Using a non-invasive test to show detailed pictures of the inside of your heart.
What is Cardiac MRI?
This is considered the gold standard test for assessing heart size and heart pumping function, better known as Ejection Fraction (EF).
MRI scans use magnetic energy to excite water molecules in a selected section of the body; the time taken for those water molecules to reset (different times for specific body organs) is translated into a picture of the heart on screen. Ultrasound waves (used in echocardiography) are prone to scatter as they traverse the many other structures towards the heart e.g. skin, muscle, lung, etc., thereby reducing spatial resolution compared to MRI.

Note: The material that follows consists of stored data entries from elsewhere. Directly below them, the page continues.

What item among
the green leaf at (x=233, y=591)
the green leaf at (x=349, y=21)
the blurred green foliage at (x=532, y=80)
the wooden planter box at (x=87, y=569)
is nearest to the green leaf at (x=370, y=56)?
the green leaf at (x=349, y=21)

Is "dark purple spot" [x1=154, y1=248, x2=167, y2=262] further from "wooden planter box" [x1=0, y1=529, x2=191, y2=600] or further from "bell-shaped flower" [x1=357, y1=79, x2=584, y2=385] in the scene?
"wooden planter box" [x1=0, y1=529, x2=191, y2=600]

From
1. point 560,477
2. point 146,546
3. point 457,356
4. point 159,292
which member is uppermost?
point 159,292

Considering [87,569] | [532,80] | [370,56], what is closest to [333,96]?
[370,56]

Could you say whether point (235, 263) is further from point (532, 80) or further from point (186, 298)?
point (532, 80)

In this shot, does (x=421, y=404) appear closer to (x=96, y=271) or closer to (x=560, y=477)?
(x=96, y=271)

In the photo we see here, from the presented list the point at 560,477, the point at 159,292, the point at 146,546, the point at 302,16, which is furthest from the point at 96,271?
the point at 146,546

This is a typical MRI image that would be obtained of your heart.
Dr Banypersad is an authorised provider for all the major insurance companies, including BUPA (fee-assured).
All cardiac CT and MRI scans will take place at The Spire Manchester hospital.
MRI has superior spatial resolution
As a result, MRI has superior spatial resolution to echocardiograms irrespective of body shape and size. It offers limitless options for image orientation meaning a full 3D volumetric analysis can be performed for the most accurate Ejection Fraction calculation. Additionally, an intravenous dye substance (Gadolinium) is administered during cardiac MRI scans which highlights any abnormal areas in the heart.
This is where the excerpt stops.